What if the wallet servers shut down?
This recovery system though is contingent on ZenGo’s servers authenticating ownership and the cloud service storing the recovery file.
In response to concerns of users being unable to access funds in the event that ZenGo shut down, ZenGo’s Chief Technology Officer Tal Be’eri told Blockworks that “recovery is indeed mandatory.”
“In the case of ZenGo going out of business, we have a trustee that would effectively release ZenGo remote share, and the app will be able to unite its personal share with the remote share and create a private key that can be mounted by many non-custodial wallets.”
This type of key recreation is very similar to the private key rotation made possible by the MPC protocol.
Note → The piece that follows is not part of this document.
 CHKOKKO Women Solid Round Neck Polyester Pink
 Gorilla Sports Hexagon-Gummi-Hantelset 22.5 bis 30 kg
If this wallet was a multisig wallet, the contingency plan would not be possible. Yet, while this does offer another layer of protection, it still requires the participation and permission of the trustee — a fact that self-custody maxis like to point out.
At the end of the day, this explainer only begins to scratch the surface of new alternatives to seed phrase wallets. There are still smart account wallets that unlock a whole new set of functionality in the Web3 world. The challenge with these new innovations is in understanding the complexity. But in the Web3 culture of ‘trust, don’t verify’, this increased complexity means that the vast majority of users will still end up trusting the company behind the decentralized and transparent systems.
This can present a problem because, according to Li, not all claims of decentralization are created equal. Upon investigation of certain wallets, Li and his team at CertiK discovered that these wallets were actually centralized, with key management and transaction signing taking place at a centralized location. Despite these centralized practices, the wallets continue to advertise themselves as decentralized.
Opponents of both sides of the seed phrase debate can agree that better education is needed. Without it, the technical transparency holds no real value to users.